* **Exercise details**:
The whole listing must be returned exactly, with no line missing.

* **Supplied entries**:

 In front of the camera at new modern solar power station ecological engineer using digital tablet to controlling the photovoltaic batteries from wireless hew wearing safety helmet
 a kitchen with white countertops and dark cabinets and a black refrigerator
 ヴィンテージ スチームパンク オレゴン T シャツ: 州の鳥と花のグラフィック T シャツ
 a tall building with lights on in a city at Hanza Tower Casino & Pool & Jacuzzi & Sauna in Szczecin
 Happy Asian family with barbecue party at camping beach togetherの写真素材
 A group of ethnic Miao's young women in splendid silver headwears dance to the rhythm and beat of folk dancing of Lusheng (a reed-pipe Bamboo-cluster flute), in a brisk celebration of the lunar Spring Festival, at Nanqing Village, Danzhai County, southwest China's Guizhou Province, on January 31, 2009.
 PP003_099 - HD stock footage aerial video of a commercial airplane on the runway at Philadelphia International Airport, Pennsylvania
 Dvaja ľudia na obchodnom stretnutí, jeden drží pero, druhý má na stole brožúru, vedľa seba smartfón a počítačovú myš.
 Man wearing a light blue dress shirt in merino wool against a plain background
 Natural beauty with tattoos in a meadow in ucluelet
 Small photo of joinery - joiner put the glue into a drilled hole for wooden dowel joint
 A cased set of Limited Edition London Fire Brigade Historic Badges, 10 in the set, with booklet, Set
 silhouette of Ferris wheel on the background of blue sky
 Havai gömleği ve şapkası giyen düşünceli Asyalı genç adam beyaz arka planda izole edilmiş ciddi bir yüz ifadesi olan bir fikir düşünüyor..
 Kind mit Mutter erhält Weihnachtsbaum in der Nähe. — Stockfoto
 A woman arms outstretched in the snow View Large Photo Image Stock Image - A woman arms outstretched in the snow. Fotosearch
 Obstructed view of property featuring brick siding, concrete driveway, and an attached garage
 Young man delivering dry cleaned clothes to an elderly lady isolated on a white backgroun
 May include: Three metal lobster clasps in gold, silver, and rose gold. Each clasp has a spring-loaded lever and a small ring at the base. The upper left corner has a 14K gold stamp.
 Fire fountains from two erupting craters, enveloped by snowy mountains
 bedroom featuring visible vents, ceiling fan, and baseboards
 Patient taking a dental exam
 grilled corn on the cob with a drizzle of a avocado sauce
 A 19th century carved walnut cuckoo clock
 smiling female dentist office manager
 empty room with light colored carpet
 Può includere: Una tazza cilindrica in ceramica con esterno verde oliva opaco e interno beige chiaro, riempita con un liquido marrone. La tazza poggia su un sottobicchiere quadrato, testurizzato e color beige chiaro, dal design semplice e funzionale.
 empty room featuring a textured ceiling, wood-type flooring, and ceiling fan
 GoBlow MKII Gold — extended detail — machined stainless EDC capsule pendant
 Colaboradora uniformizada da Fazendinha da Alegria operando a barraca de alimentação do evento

* **Output for this task**:
 In front of the camera at new modern solar power station ecological engineer using digital tablet to controlling the photovoltaic batteries from wireless hew wearing safety helmet
 a kitchen with white countertops and dark cabinets and a black refrigerator
 ヴィンテージ スチームパンク オレゴン T シャツ: 州の鳥と花のグラフィック T シャツ
 a tall building with lights on in a city at Hanza Tower Casino & Pool & Jacuzzi & Sauna in Szczecin
 Happy Asian family with barbecue party at camping beach togetherの写真素材
 A group of ethnic Miao's young women in splendid silver headwears dance to the rhythm and beat of folk dancing of Lusheng (a reed-pipe Bamboo-cluster flute), in a brisk celebration of the lunar Spring Festival, at Nanqing Village, Danzhai County, southwest China's Guizhou Province, on January 31, 2009.
 PP003_099 - HD stock footage aerial video of a commercial airplane on the runway at Philadelphia International Airport, Pennsylvania
 Dvaja ľudia na obchodnom stretnutí, jeden drží pero, druhý má na stole brožúru, vedľa seba smartfón a počítačovú myš.
 Man wearing a light blue dress shirt in merino wool against a plain background
 Natural beauty with tattoos in a meadow in ucluelet
 Small photo of joinery - joiner put the glue into a drilled hole for wooden dowel joint
 A cased set of Limited Edition London Fire Brigade Historic Badges, 10 in the set, with booklet, Set
 silhouette of Ferris wheel on the background of blue sky
 Havai gömleği ve şapkası giyen düşünceli Asyalı genç adam beyaz arka planda izole edilmiş ciddi bir yüz ifadesi olan bir fikir düşünüyor..
 Kind mit Mutter erhält Weihnachtsbaum in der Nähe. — Stockfoto
 A woman arms outstretched in the snow View Large Photo Image Stock Image - A woman arms outstretched in the snow. Fotosearch
 Obstructed view of property featuring brick siding, concrete driveway, and an attached garage
 Young man delivering dry cleaned clothes to an elderly lady isolated on a white backgroun
 May include: Three metal lobster clasps in gold, silver, and rose gold. Each clasp has a spring-loaded lever and a small ring at the base. The upper left corner has a 14K gold stamp.
 Fire fountains from two erupting craters, enveloped by snowy mountains
 bedroom featuring visible vents, ceiling fan, and baseboards
 Patient taking a dental exam
 grilled corn on the cob with a drizzle of a avocado sauce
 A 19th century carved walnut cuckoo clock
 smiling female dentist office manager
 empty room with light colored carpet
 Può includere: Una tazza cilindrica in ceramica con esterno verde oliva opaco e interno beige chiaro, riempita con un liquido marrone. La tazza poggia su un sottobicchiere quadrato, testurizzato e color beige chiaro, dal design semplice e funzionale.
 empty room featuring a textured ceiling, wood-type flooring, and ceiling fan
 GoBlow MKII Gold — extended detail — machined stainless EDC capsule pendant
 Colaboradora uniformizada da Fazendinha da Alegria operando a barraca de alimentação do evento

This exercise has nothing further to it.